U.S. Army Says It Did Not Win Iraq War, 'Iran Appears to Be the Only Victor'

The United States Army has released a bleak assessment of its 2003 invasion of Iraq and subsequent attempts to defeat a Sunni Muslim insurgency until a 2011 withdrawal, claiming that neighboring Iran was the only true winner of the operation.

"The U.S. Army in the Iraq War" was released Thursday in two volumes entitled "Invasion and Insurgency—Civil War, 2003-2006" and "Surge and Withdrawal, 2007-2011." The study was originally commissioned by Army General Ray Odierno in 2013 and—having relied on some "30,000 hours of hand-picked declassified documents, hundreds of hours of interviews of original interviews and thousands of hours of previously available interviews"—it claims to be "the U.S. Government's longest and most detailed study of the Iraq conflict thus far."
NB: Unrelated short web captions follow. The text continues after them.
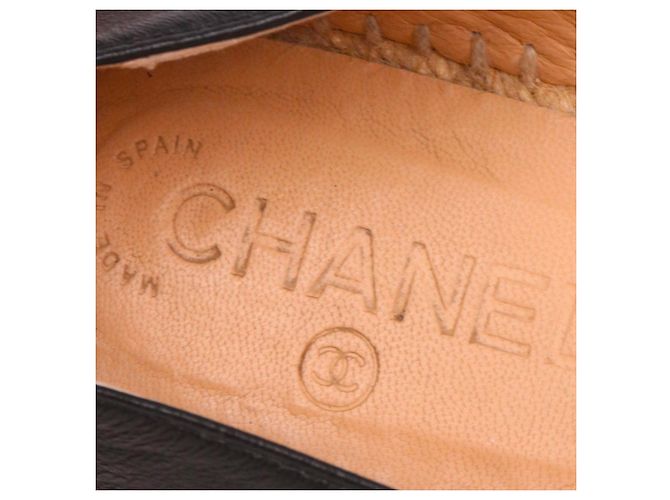 CHANEL - Espadrillas Chanel CC in pelle nera (T37) Nero - vista 7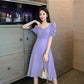 Female Simple Slim Puff Sleeve Dress Chiffon Shows Thin V-neck Soft Elegant Medium Length Party Dress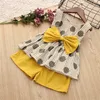 Ensembles de vêtements Humour Bear Summer New Grils Vêtements Dot Girl Big Bow T-shirtand Shorts Enfants Set Enfants Filles Costume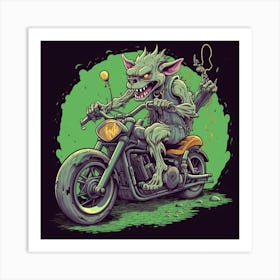Wolf On A Motorcycle Art Print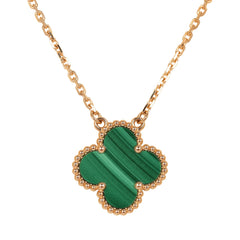 Van Cleef & Arpels Vintage Alhambra Motif Pendant Necklace Malachite 18K Yellow Gold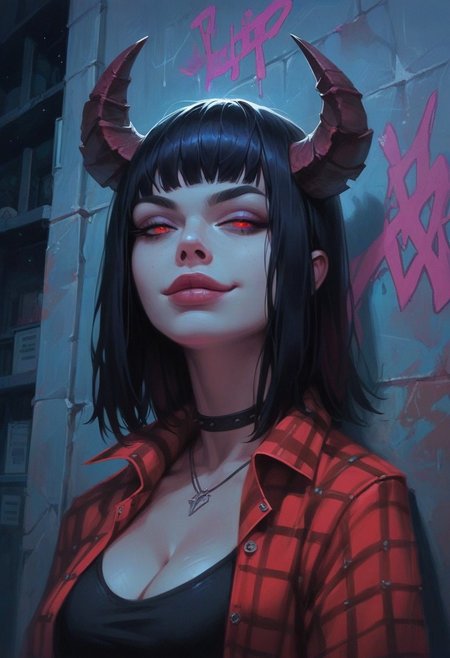 score_9, score_8_up, score_7_up, score_6_up, aesthetic ,  punk, demon, horns,  outdoors, alley, night, graffiti, flannel shirt,  solo,  dutch angle,  g0thicPXL,  (big lips:0.6), (close up:1.2), portrait, large breasts, smug,  skinny, realistic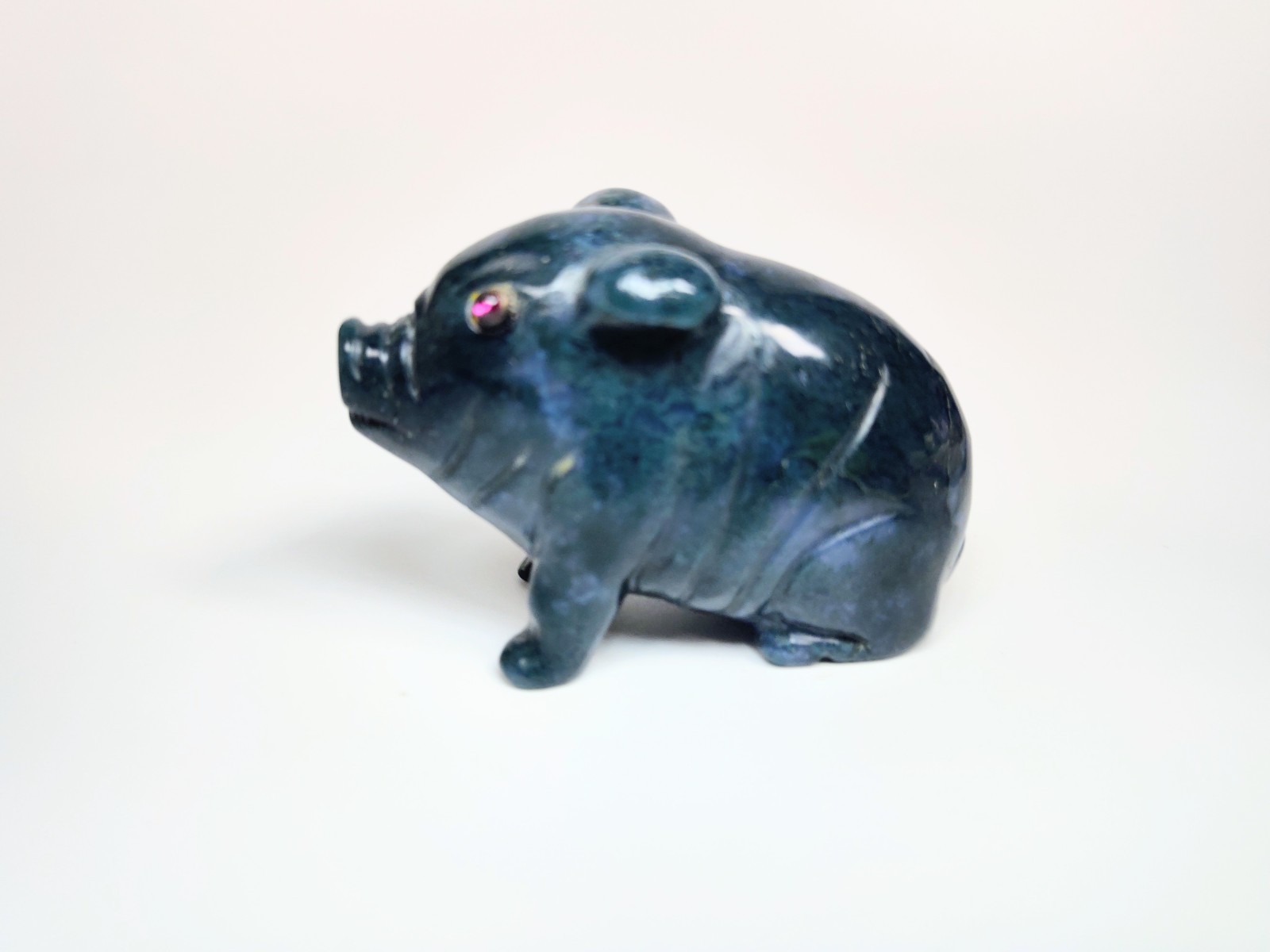 Antique 1920s Hand-Carved Blue-Green Aventurine Pig with Bezel-Set Garnet Eyes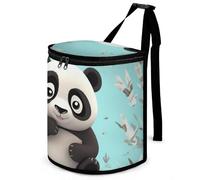 HETVBNS Panda Star Car Trash Can with Lid, Leakproof Hanging Automotive Trash Bin, Waterproof Garbage Storage Bag for Vehicles, RV, Bathroom, Office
As the document notes, the decision to attack was a "preemptive" response to accusations that Iraqi President Saddam Hussein possessed weapons of mass destruction and offered tacit support to the Al-Qaeda militant group that conducted the 9/11 attacks of 2001. These charges later proved to be false, and the Army has now admitted that Hussein's fall managed to empower a mutual foe of both the Iraqi leader and the U.S.

"In terms of geostrategic consequences, the war produced profound consequences," the document read. "At the time of this project's completion in 2018, an emboldened and expansionist Iran appears to be the only victor. Iraq, the traditional regional counterbalance for Iran, is at best emasculated, and at worst has key elements of its government acting as proxies for Iranian interests."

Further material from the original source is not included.